His scenery is categorized into coastal and rural landscape. Lee’s paintings of that time display a peaceful sight with mountains, fields and villages, however, they seem rather phantasmal and dream-like, not real. Mountains, trees and fields are similar to fleecy clouds or a cluster of clouds. The curved surface that is softly bent like a mollusk continuously creates a certain image. This is a scene motivated by reality but involves the sight of a dream or Nirvana, as the author is viewing reality through the channel of a dream. It is the outcome of Lee’s unique consciousness, trying to replace reality with a dream. While most surrealistic methods are uncanny and gloomy, Lee’s paintings are bright and cheerful. Dynamic lines and pompous colors evoke a dreamy ambience on the entire canvas.  
What is the reason behind this bright and optimistic dreamy scenery? It seems that it is closely related to Lee’s origins. He was born in Tongyoung, on the southern coast of Korea, which boasts scenic coasts and beautiful islands and ships. While viewing Lee’s fantastic picture, a viewer could have the illusion of standing off the beautiful coast of Tongyoung. The bright and profound colors in his paintings are based on the colors of the sky there. Generally, an artist is largely affected by the surroundings of where he or she is raised. In particular, an environment with abundant natural conditions forms intimate and friendly relations with man. A man appreciates the nature’s benefits and sings a song about it.

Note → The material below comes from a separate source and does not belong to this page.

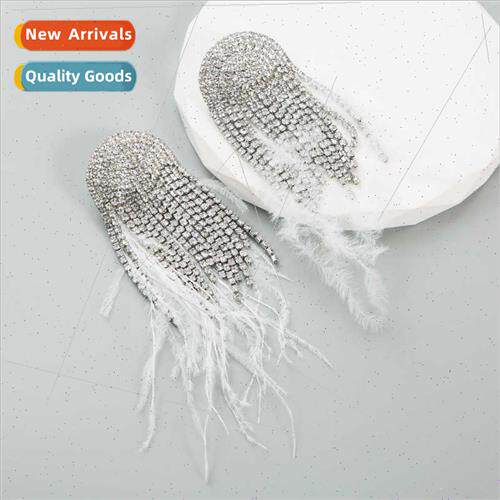 Europe new earrings fashion super flash claw chain full diam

Leaving aside Bringer’s assertion, the bright and luxuriousness that artists from the south of Korea have, are the outcome of the affluent benefits offered by Mother Nature. Tongyoung is one of the purest and cleanest sea areas on the southern coast and has no match in terms of natural conditions. It is no coincidence that so many artists were born in this city.  
Apparently, the wonders of nature such as the sea, lakes, an indented coastline and endless small islands have been embodied in local people’s minds and inspired numerous artistic works. Lee Han-Woo’s third stage work (early 1980s) show yet another difference compared with pieces from the second stage of his artistic career. His subjects are still coastlines and rural villages. However, unlike his second phase when landscapes had hints of dreams and fantasies, his works after 1980s exhibit the definitive contours of subjects with a bold black line. In other words, contrary to the previous paintings that distinguished subjects with colors and without outline, every object is differentiated with a line. It is scenery with specific figures rather than a dreamy sight. Thick and black contours seem distinct and powerful such as a blood vessel or a wrinkle. This is reminiscent of xylographic art, vivid and sharp as if carving an image with a chisel.  
His 1980s works maintained extreme tension between a line and a subject, core elements for landscapes. In this era, he failed to harmonize a subject with a line as he regarded them as separate entities. This tense strain becomes complementary and cooperative in relation to work in the 1990s. Understanding a subject by using a line is usually seen in oriental paintings. In contrast to occidental paintings that bring out lines by overlapping colors, oriental paintings start with a line and end with one. In a particular field of oriental painting, an object is considered as a wrinkle. This is why oriental paintings are dubbed as the art of a line. In here, a line is no longer a means to draw a simple outline but ways to grasp the true essence of a figure. A wrinkle is a method to trigger a cubic effect, not a boundary. While western paintings portray a solid body of a substance with light and shade, oriental paintings allude to light and darkness by bold and fine lines. As we can see, this particular method of painting is a core element in understanding the essence of a subject rather than a simple touch or another way of lineal description. Lee’s depiction of objects using lines, however, cannot be directly compared to the above-mentioned method. Even though, for him a line is truly a key element in expressing the true meaning of a subject, it also represents a contour as a means of a boundary. An object is distinguished with a line. And whatever scenic view the object harbors, it comes to us as a part of arabesque structure of lines. The composition of densely woven lines makes an impression of a palpitating blood vessel in nature. While it looks calm and peaceful on the surface like blood that runs through a vessel, the active movement of a line is enough to visualize liveliness. Lee’s bold and strong lines have transformed to fine and minute ones in 1990s.  
Lee began to draw grandiose landscapes in a large-scale canvas in late 1990s. He no longer paid attention to sectional scenery but a view stretching away like a folding screen. There was no focus in his painting. Its composition did not attract the eyes of a viewer to a certain point. A visual point naturally shifts when seeing landscape. This is the so-called uniformity effect. This uniform visual point blurs the boundary between far and near views, which is differentiated by color. The distinction between distant and close-up views is only recognized by the size of an object. Generally, the bottom of a canvas is chosen for a near view and the top is for a distant view. You can only have a birdeye’s view of scenery at a high location. In addition, a steep view, looking up or looking down, has intense tension due to its drastic variations while horizontal perspective gives more comfort to a viewer. Lee’s painting is a case in point: it is cozy and comfortable.  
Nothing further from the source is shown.